Dataset records:
########
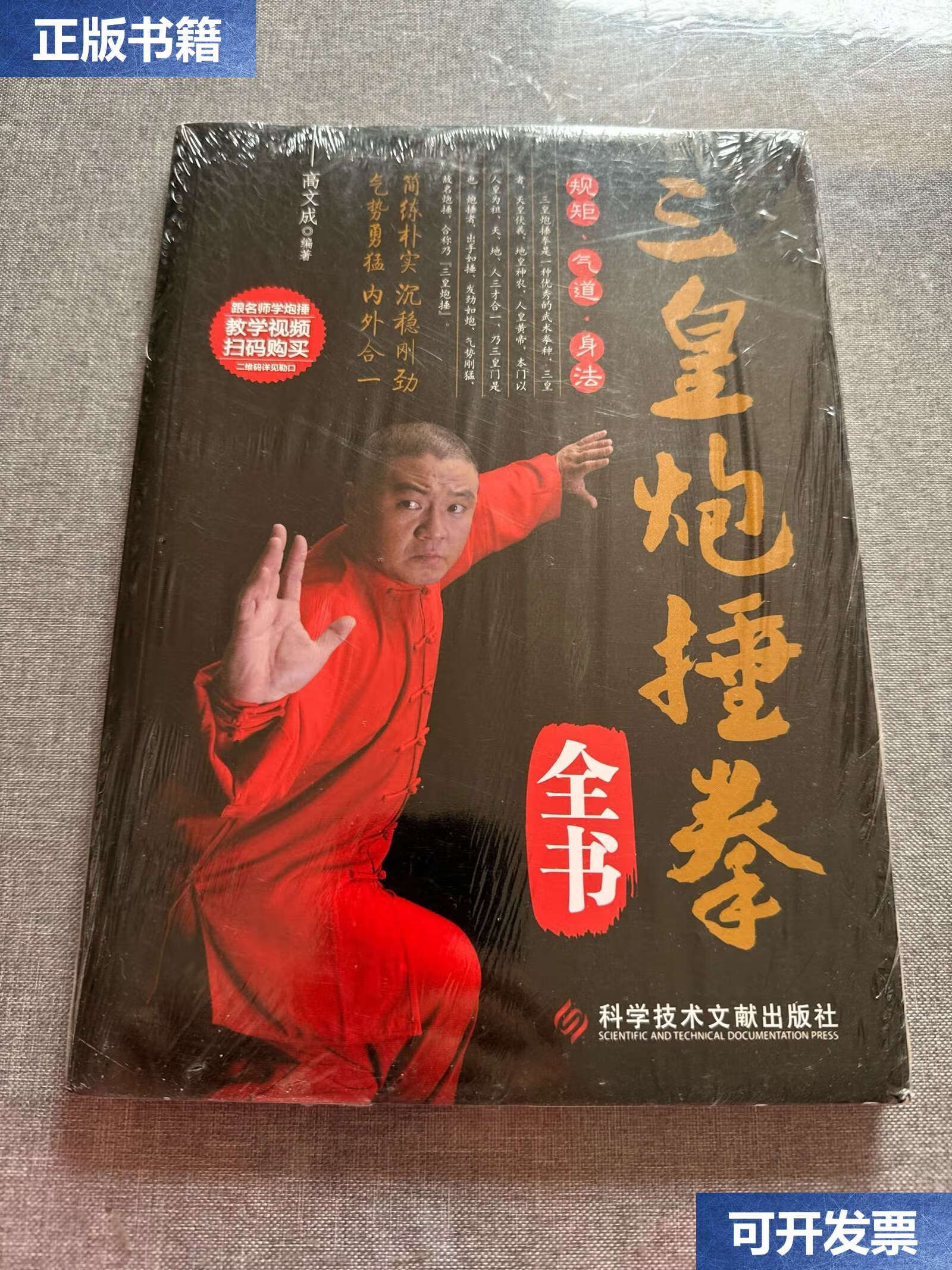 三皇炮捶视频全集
########
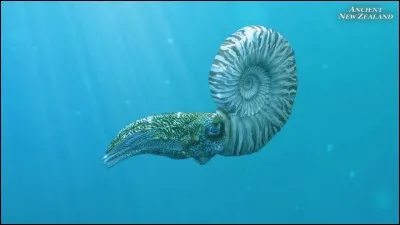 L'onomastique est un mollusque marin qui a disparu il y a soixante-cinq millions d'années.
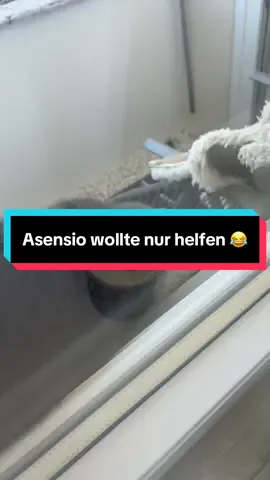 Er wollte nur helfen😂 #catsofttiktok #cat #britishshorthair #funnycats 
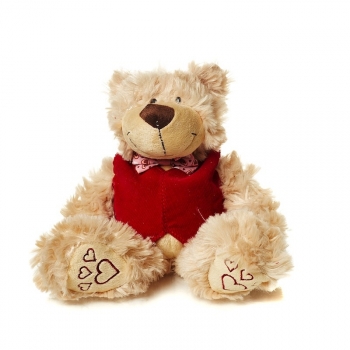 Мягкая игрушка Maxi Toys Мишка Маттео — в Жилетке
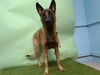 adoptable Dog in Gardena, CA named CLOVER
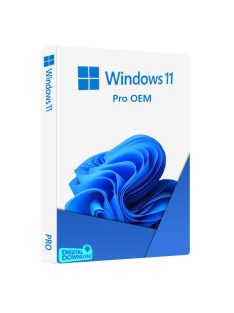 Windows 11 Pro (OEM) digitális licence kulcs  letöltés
########
Required work: Print exactly the lines above that run from the one with "L'onomastique est un" to the one with "Windows 11 Pro", both included. No pictures.

Written reply:
 L'onomastique est un mollusque marin qui a disparu il y a soixante-cinq millions d'années.
 Er wollte nur helfen😂 #catsofttiktok #cat #britishshorthair #funnycats 
 Мягкая игрушка Maxi Toys Мишка Маттео — в Жилетке
 adoptable Dog in Gardena, CA named CLOVER
 Windows 11 Pro (OEM) digitális licence kulcs  letöltés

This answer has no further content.